▶ _GOAL OF THE EXERCISE_:
Repeat word for word the lines starting at the one with "133 S Elm Drive, Beverly" and ending at the final line of the material, both ends included; omit pictures.

▶ _SOURCE MATERIAL_:
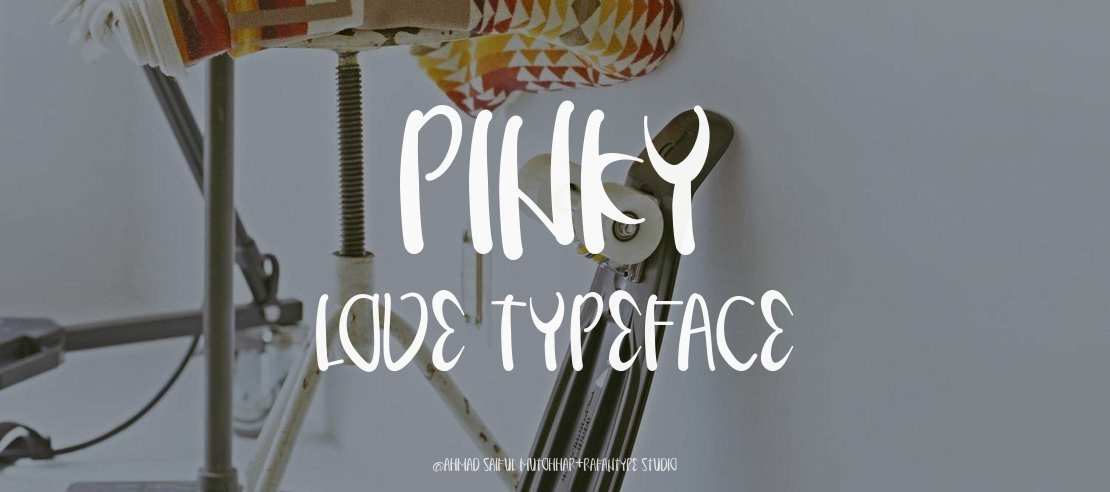 PINKY LOVE Font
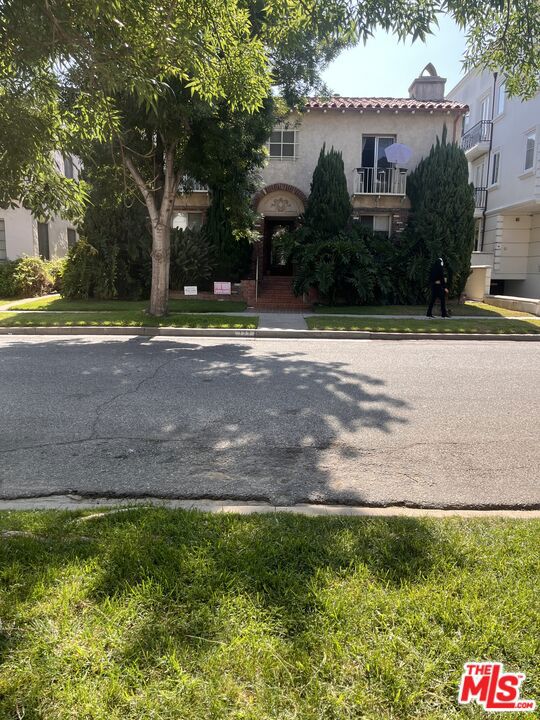 133 S Elm Drive, Beverly Hills CA: https://media.crmls.org/mediaz/22c4eaff-32fb-4151-90fb-2bf9ef9eb6d4.jpg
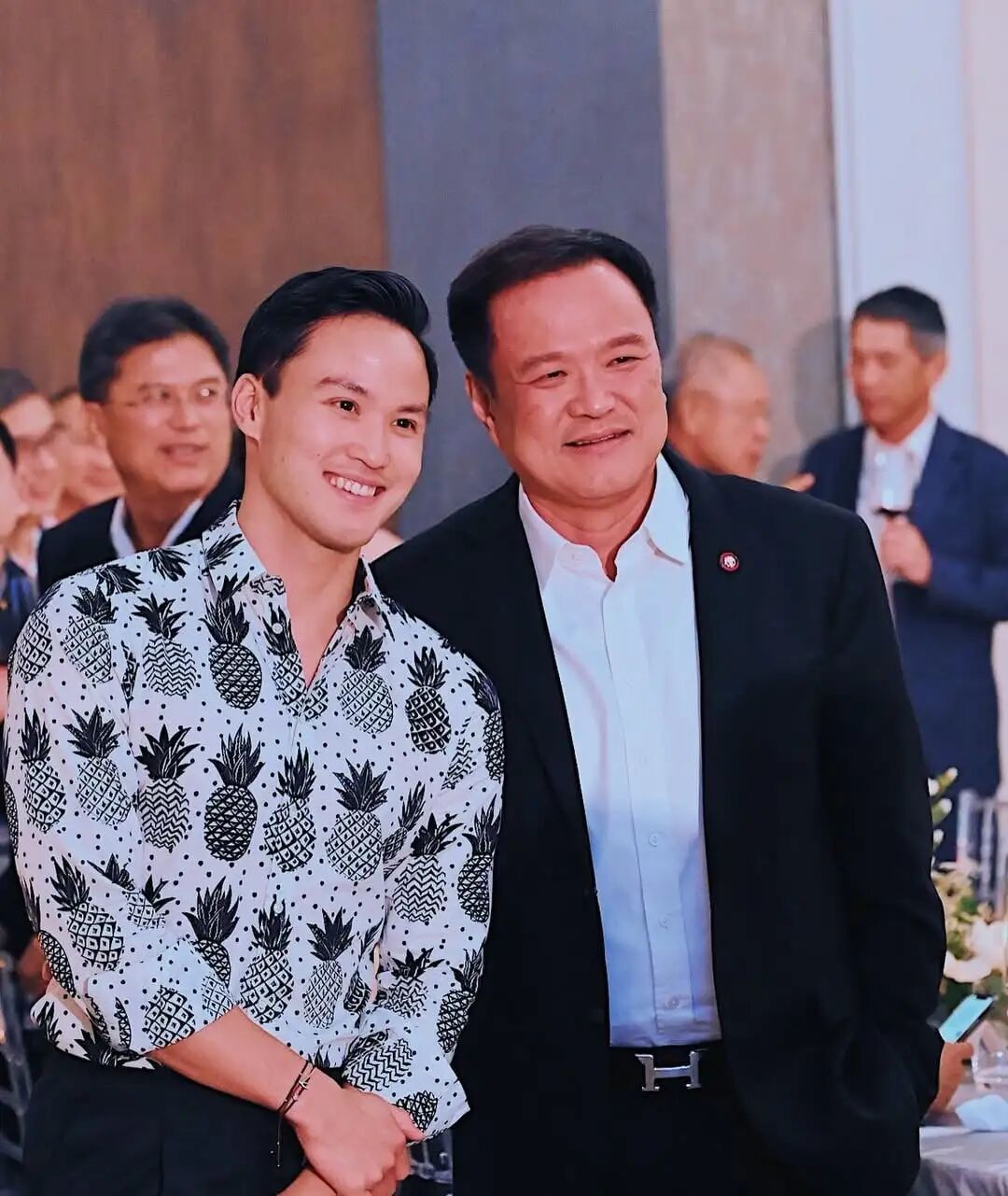 ·佩克与阿努廷(右)。(泰国《每日新闻》)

▶ _ANSWER TO THIS TASK_:
 133 S Elm Drive, Beverly Hills CA: https://media.crmls.org/mediaz/22c4eaff-32fb-4151-90fb-2bf9ef9eb6d4.jpg
 ·佩克与阿努廷(右)。(泰国《每日新闻》)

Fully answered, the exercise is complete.